Kachō-e: Impressions of Natural History in Japanese Prints
John and Peggy Maximus Gallery
Kachō-e features Japanese illustrated books by artists like Hokusai (who created the iconic Thirty-six Views of Mount Fuji and The Great Wave off Kanagawa), a carefully arranged selection of chrysanthemum prints, and a whole menagerie of spirited animals that seem prepared to leap, swim, fly, and slither off the page.
These remarkable prints belong to kachō-e, a subset of the genre of ukiyo-e prints (usually depicting landscapes, portraits, and scenes of daily life). Kachō-e concentrates on studies of birds and flowers, as well as other scenes from nature. While the Western approach to natural history was based on description and classification, the Japanese view was concerned with how all things fit together, and related to experience, perception, and aesthetics. Masters of kachō-e were guided by both expression and emotion.

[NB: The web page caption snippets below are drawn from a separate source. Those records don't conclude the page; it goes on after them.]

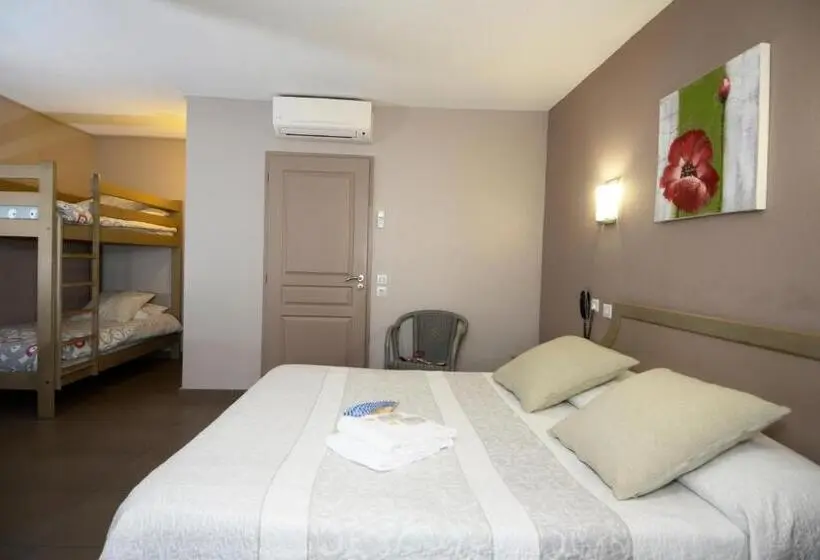 Camera Quadrupla Standard, Le Maray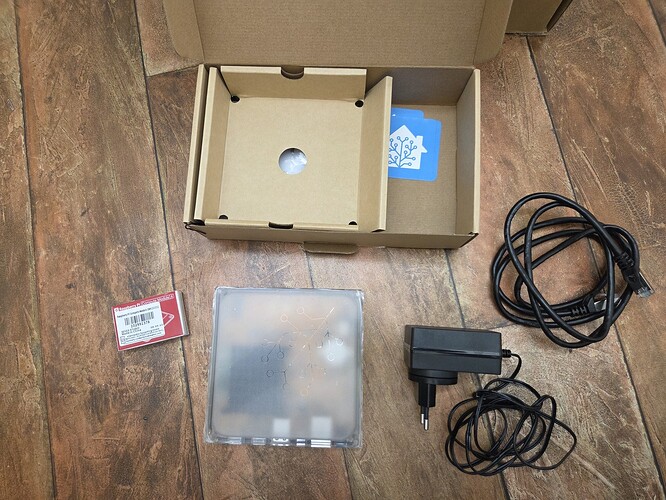 Box contents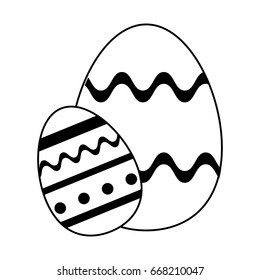 decorated egg easter related icon image 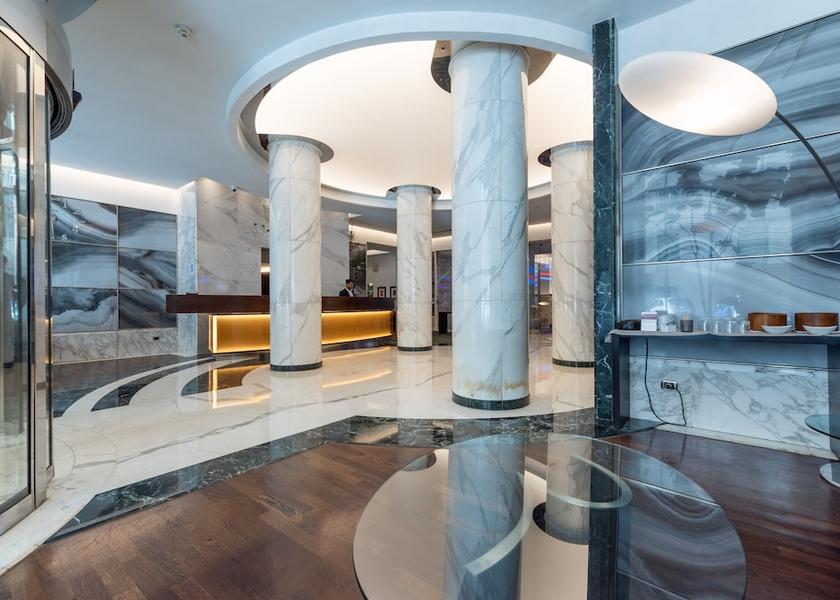 Lazio Rome Lobby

They succeeded in capturing the experience of being overwhelmed by the saturated color of a blossom or charmed by the clever personality of a bird in the wild.
As a complement to the exhibit of antique prints, a special display in the Maximus foyer showcases work by Bill Logan, whose exuberant ink paintings (which he describes as mark-making) of owls, cats, and blooms look as if they might have tumbled onto his paper in the manner of early Japanese brushwork.
Exhibit included with Museum admission.